I am trying to use CUDA for a problem which is not really a data parallel problem. Thus, I have a lot of divergent branches, which causes serialization of the warps.

So, how many divergent branches can be executed in parellel per Block? I guess that might be 8 (on the G80 for example, because the G80 multipcoressors have 8 scalar processors)? Does anyonw know anything about it?

Thanks for your answers!

Erik

The question should be “how many branches can be executed in parallel per warp”. The answer is one. But the loss of performance depends heavily on the nature of the branches.

Let’s assume your block has 128 threads. This evaluates to 4 warps, threads 0-31 end up in warp 0, threads 32-63 in warp 1 etc.
When a warp hits an MP, all SPs execute the same single instruction (SIMD). Each takes care of four threads, so the MP processes a single instruction from a single warp.

Now, if your branches are warp-aligned, meaning threads 0-31 take one path, 32-63 take another etc., you’re getting full performance and you don’t suffer from branching at all. If thread 0 takes one branch and threads 1-31 take another, this warp will be serialized and you will loose half of the performance, assuming here that all branches take the same time T to execute. If thread 0 takes one path, 1 takes another and 2-31 take a third control path, the execution time for this warp will be 3T and so on.

The maximum penalty for completely divergent branches (ie. every thread follows a different control path) is 32x. In this pessimistic scenario, each warp of the block will be processed sequentially over and over until it finishes.

Here’s my guess (and a kind of hand-wavy method)…
Each divergent branch is considered to be a separate instruction, and executed accordingly. So, if all 32 threads in a warp diverge, then it’ll take 32 clocks to execute this warp. If there were no divergence, then it would have taken 4 clocks (assuming 8 SPs per SM). Hence, I would consider each such divergent branch to be a separate warp. External Image
So, if you had 32 divergent branches in a warp, then i would consider that there are 32 separate warps created => 32 * 32 threads running! This way, using the number of threads launched onto the system + a divergence factor + max possible threads in a kernel, you could calculate the limit.

It takes 4 cycles to get a single instruction of a warp scheduled on the 8 SPs.
If a warp diverges, some threads get masked out and branches are executed sequentially instruction by instruction, each taking another 4 clocks to schedule (and a different number of clocks to complete, depending on the instruction). Actually, counting the clocks is not trivial. There were a bunch of threads about instructions-per-clock and it’s beyond the scope of this post ;)

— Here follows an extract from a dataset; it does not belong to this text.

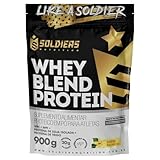 Whey Blend Protein Concentrado e Isolado - 900g - Soldiers Nutrition (900g, Baunilha)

Pictures make this easy to visualise:
Blue arrows represent threads. Fat means active, thin are masked out. Consecutive levels represent, roughly, clock cycles (or fours of them).


External Media

Note that whether non-taken branches really get skipped (through a jump) or are executed but in a completely masked-out state (thus wasting clocks) depends on compiler voodoo. For big conditional blocks it’s better to be able to totally skip one if no thread wants to execute it, for smaller blocks that’s an extra jump instruction to be processed (even when there is no jump) and it’s better to leave it as is, especially since arithmetic-logic instructions are cheap on GPUs. What the compiler chooses as worthy of placing a jump before is up to its discretion. The pictures assume doX() are heavy functions and the compiler placed conditional jumps.

Thank you all very much for your answers!

Is the branching done at runtime or at compile time? I am wondering how branching behaves in the following loop:

for(int i=0;i<threadID+5;i++) {

   fooBar();

}

All Threads at least execute fooBar() 5 times. Are this 5 executions of foo bar done in parallel, or are the threads serialized?

One other question: If all threads of the warp are on the same code path, shouldn’t all threads by synched after a common code line?

Best,

Erik

Branching is done at runtime, dynamically.

In this examples, the 5 runs of the loop will execute in parallel. In some cases, more iterations will be ran in parallel, ex. when threadIDs from an active warp are in the range of 64-95, 69 iterations will run in parallel.

I believe in current devices threads reconverge at the first possibility.